С какой готовностью ко мне подошли испанец и румын в Лефортовом, осколки прежней жизни — добрейшие люди в Марраспреде, с такой же любовью и готовностью сходился я с власовцами, обретенными мной в разных лагерях, бывшими корпусниками, в прежние времена неизвестными жертвами Лиенцевской трагедии, казаками фон Паннвица.
Говорят, что рыбак рыбака видит издалека. Так издалека, налету, сразу мы узнавали друг друга, стремились соприкоснуться и в тихих беседах, в воспоминаниях, даже в дебатах, защите и осуждении прошлого, в открывании содеянных ошибок, находили интерес и силы для жизни.
Помню вечерние разговоры, в дни нашей жизни в спец-лагерях, когда мы освободились на 100 % от простых уголовников и чувствовали себя до некоторой степени в своей среде. Конечно, только до некоторой степени. И среди «пятьдесят восьмой» были стукачи, пресмыкающиеся. Были и свои «полит-уголовные», бывшие коммунисты, проштрафившиеся по какому-нибудь пункту «58 статьи». Были и «полит-бытовики».

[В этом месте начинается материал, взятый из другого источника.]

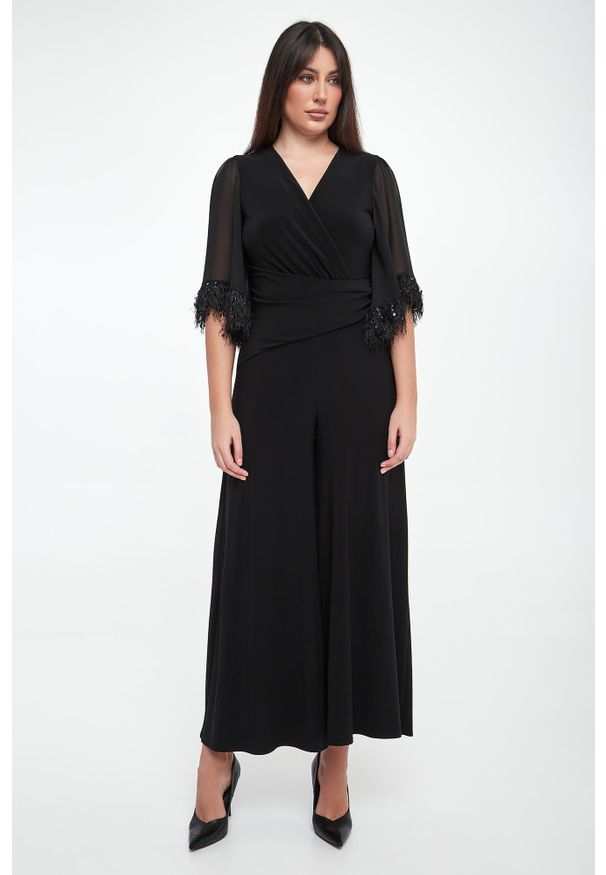 Joseph Ribkoff - Kombinezon damski JOSEPH RIBKOFF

Невольно в барачной жизни создавалась в моральном отношении «белая» и «черная» кость. Власовец, прошедший через огонь, воду и трубы наступлений и отступлений во время войны, лагеря смерти Гитлера, когда-то ликовавший в дни обнародования Пражского Манифеста и подло выданный культурным и гуманным Западом, невольно чувствовал себя политической элитой в контрреволюционном смысле. Он дружил с честнягой братом — эмигрантом, с колхозником — мужиком, с своим товарищем, армейским солдатом или офицером, за «контру» попавшим в ряд рабов по окончании войны, но он никогда не спустился бы до партийца, не угодившего начальству, не угадавшего «линии» и споткнувшегося на ровном паркете партии.